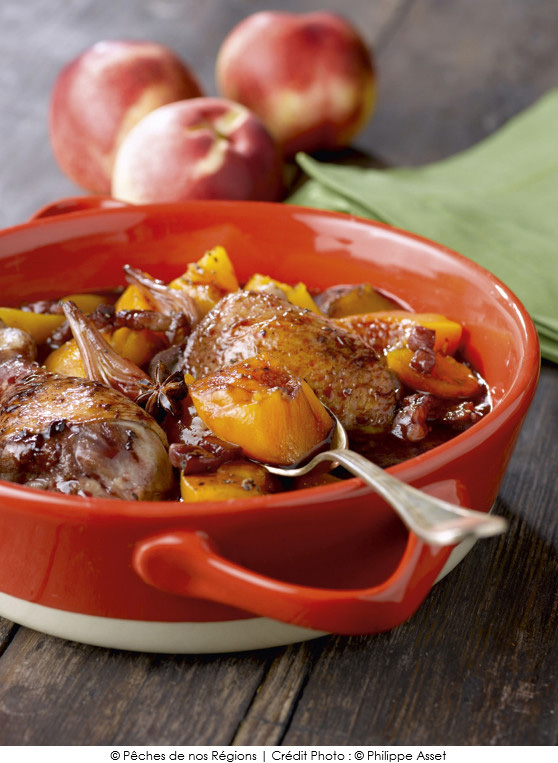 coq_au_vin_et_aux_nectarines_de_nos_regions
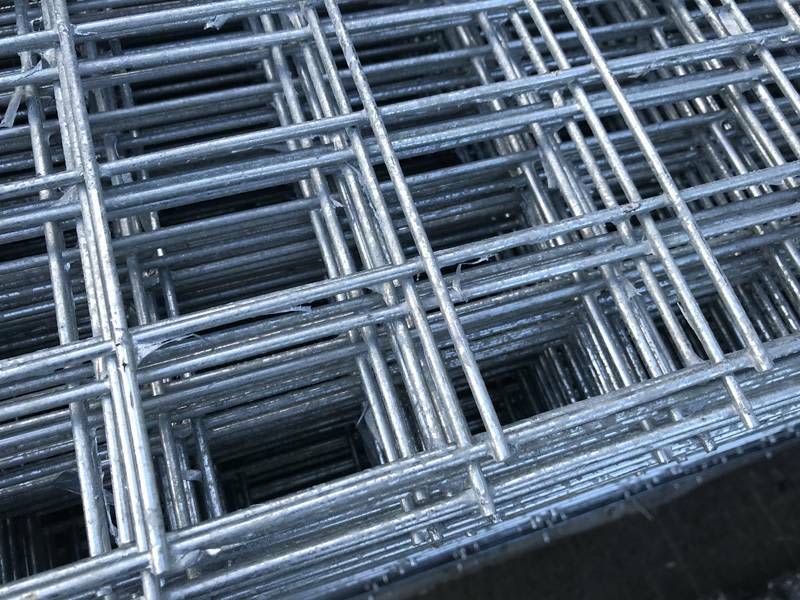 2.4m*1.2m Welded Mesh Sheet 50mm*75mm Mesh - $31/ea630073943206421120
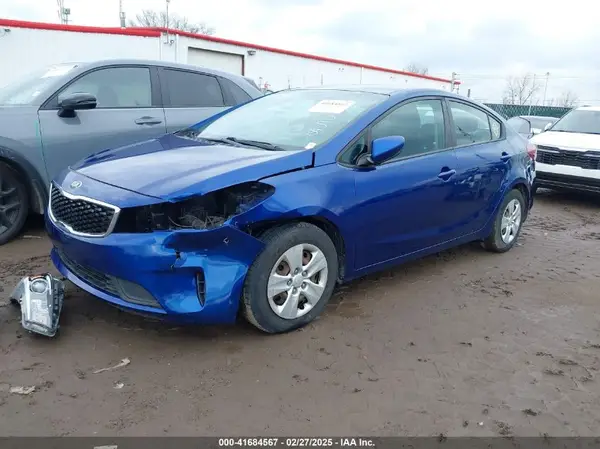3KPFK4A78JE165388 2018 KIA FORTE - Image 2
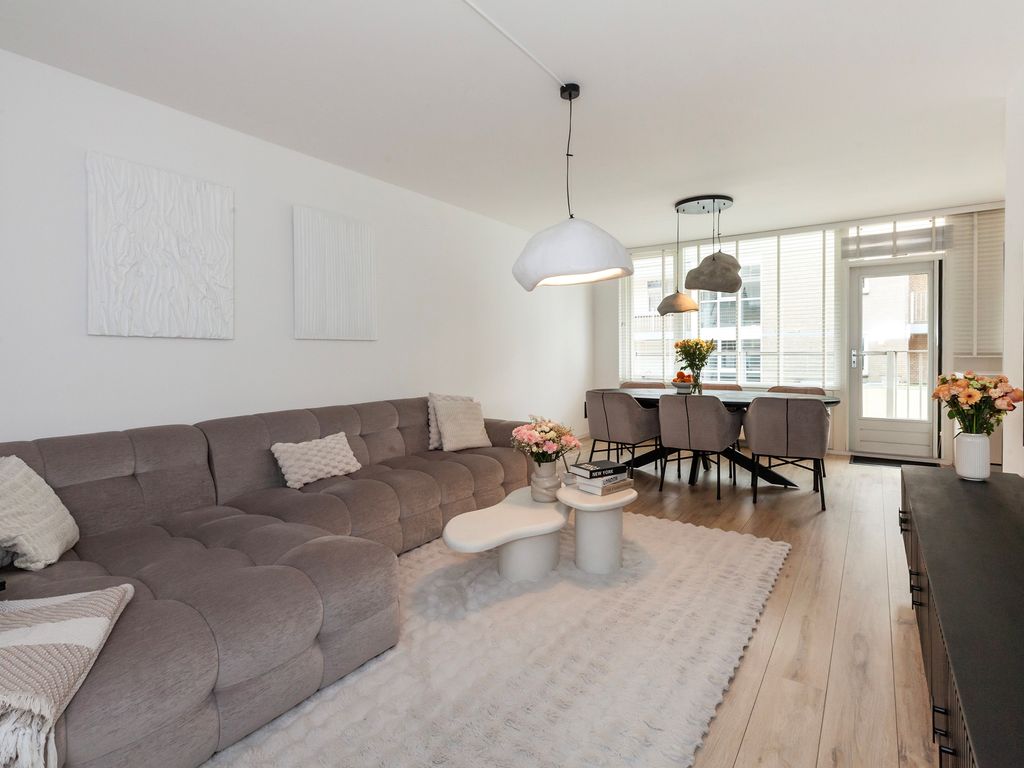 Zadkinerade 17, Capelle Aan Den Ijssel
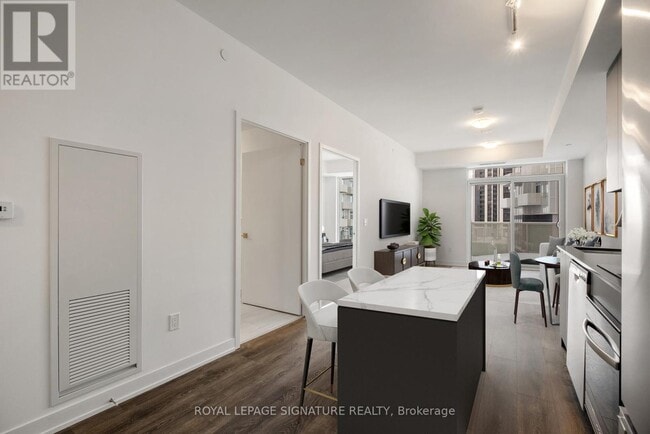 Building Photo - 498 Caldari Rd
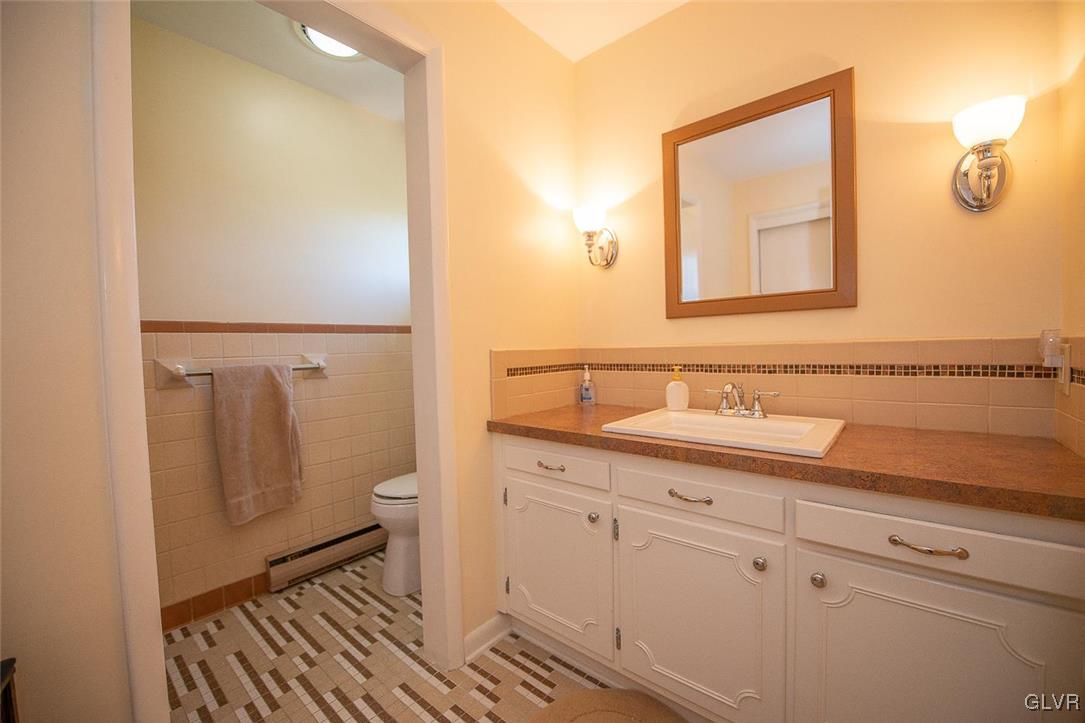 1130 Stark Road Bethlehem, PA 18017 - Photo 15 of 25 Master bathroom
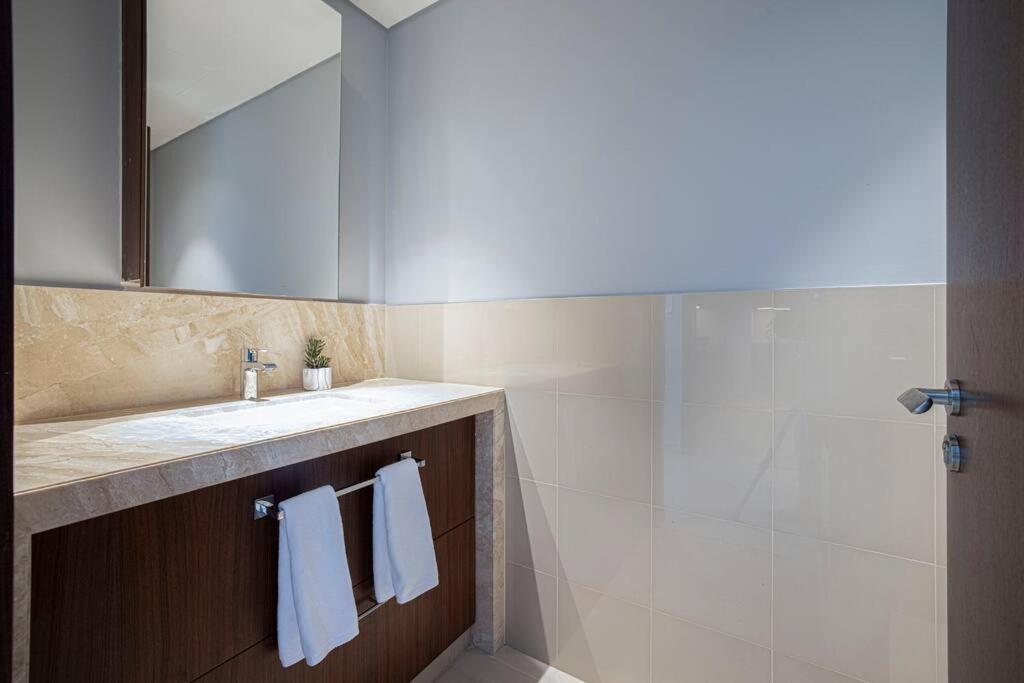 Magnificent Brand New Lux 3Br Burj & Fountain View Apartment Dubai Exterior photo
===
**Task prompt:** What the answer needs is every line from the one containing "Building Photo - 498 Caldari Rd" through the final line of the data above, copied exactly, without pictures.

**Task output:**
 Building Photo - 498 Caldari Rd
 1130 Stark Road Bethlehem, PA 18017 - Photo 15 of 25 Master bathroom
 Magnificent Brand New Lux 3Br Burj & Fountain View Apartment Dubai Exterior photo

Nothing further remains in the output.